Dans Les Echos, Jean-Francis Pécresse dénonce notre effrayante incapacité à lutter contre le déterminisme de l’échec scolaire.
Dans La Charente libre, des enseignants s’expriment, fatalistes : moins d’heures de français et de soutien, plus de place donnée au savoir-faire plutôt qu’au savoir…
« C’est malhonnête de laisser croire qu’on peut faire des sciences sans efforts », explique dans Le Figaro la présidente de l’Union des professeurs de classes préparatoires scientifiques qui raconte que la géométrie a presque disparu des programmes car jugée trop difficile…
A contrario, dans Libération, un professeur en psychologie cognitive s’interroge en ces termes, semblant soutenir la baisse du nombre d’heures consacrées à l’orthographe: « L’orthographe française étant extrêmement compliquée, doit-on toujours en faire une priorité ? C’est une question de société qui doit être posée. »
Comme dans les derniers classements PISA, les pays d’Asie raflent toujours la majorité des premières places.
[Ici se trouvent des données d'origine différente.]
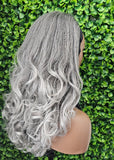 Salt Pepper Gray Body Curl Headband Wig: Soft Loose Curl, Yaki Hair Natural Hairstyle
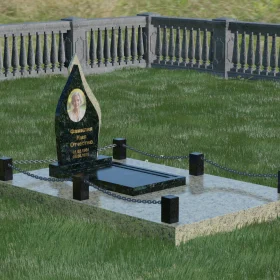 Комбинированный светский вертикальный памятник с мемориальным комплексом - П017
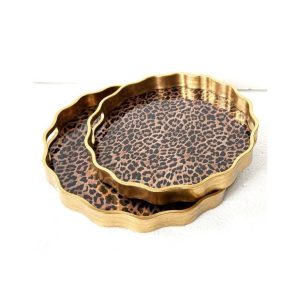Waved Set of 2 Brushed Gold Leopard Print Serving Trays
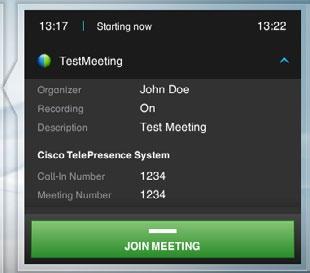 If you tap a meeting in the list you will see more about the meeting.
Les connaisseurs des modèles asiatiques expliquent ces résultats dans Le Figaro en ces termes : « Forte pression des parents pour le travail scolaire qui s’oppose à un certain laxisme occidental, où l’objectif semble désormais de faire d’abord plaisir aux enfants ».
Ce constat et cette critique sont souvent dénoncés comme ringards, rétrogrades et droitiers, mais c’est exactement ce que dénoncent les enseignants interrogés par La Charente Libre.